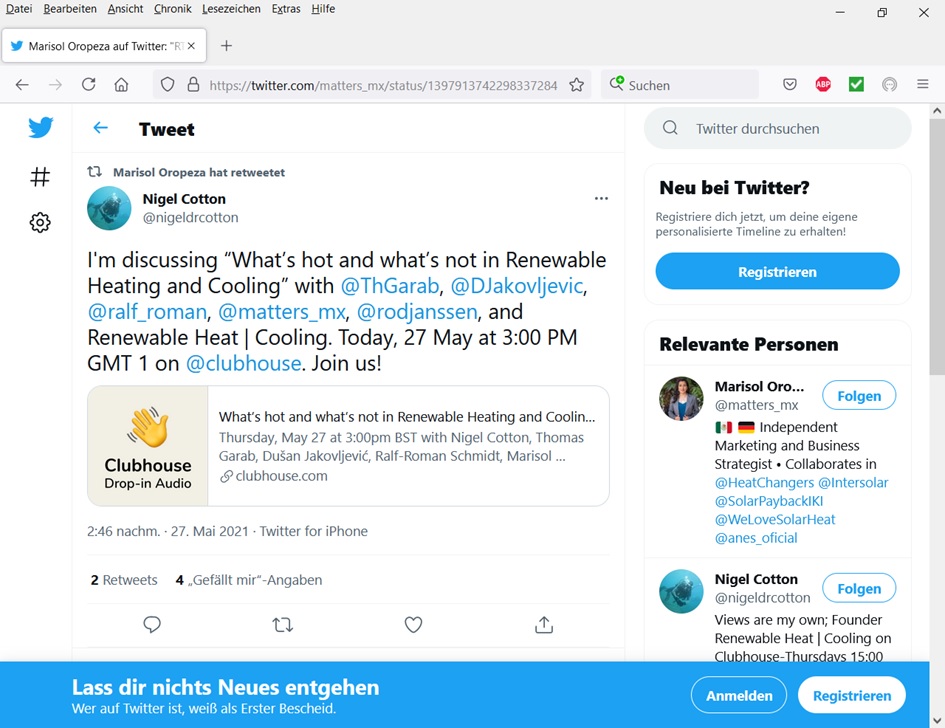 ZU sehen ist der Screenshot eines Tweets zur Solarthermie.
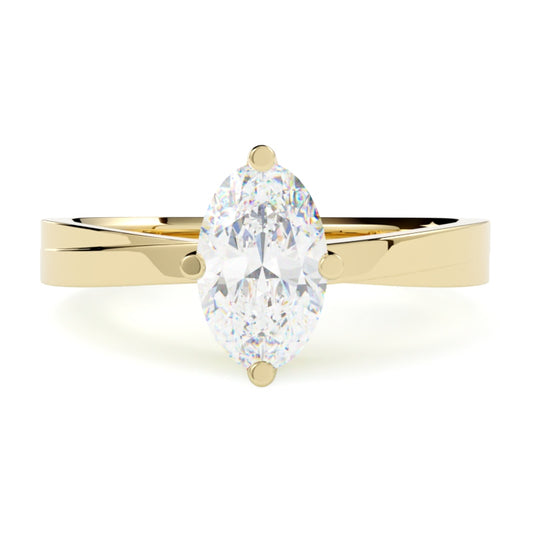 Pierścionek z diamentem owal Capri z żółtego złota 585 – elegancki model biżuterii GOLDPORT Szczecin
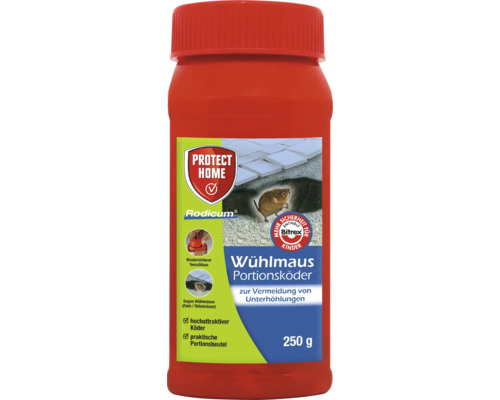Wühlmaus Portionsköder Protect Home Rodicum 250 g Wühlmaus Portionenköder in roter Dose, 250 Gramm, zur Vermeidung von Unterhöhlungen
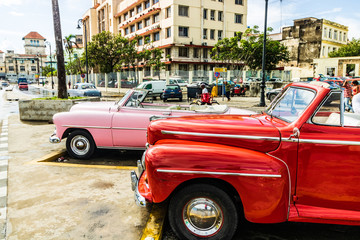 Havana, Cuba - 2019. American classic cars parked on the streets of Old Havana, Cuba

**What you have to do**
Before copying the data, remove the pictures. Then repeat the rest exactly.

**Output for this exercise**
 ZU sehen ist der Screenshot eines Tweets zur Solarthermie.
 Pierścionek z diamentem owal Capri z żółtego złota 585 – elegancki model biżuterii GOLDPORT Szczecin
Wühlmaus Portionsköder Protect Home Rodicum 250 g Wühlmaus Portionenköder in roter Dose, 250 Gramm, zur Vermeidung von Unterhöhlungen
 Havana, Cuba - 2019. American classic cars parked on the streets of Old Havana, Cuba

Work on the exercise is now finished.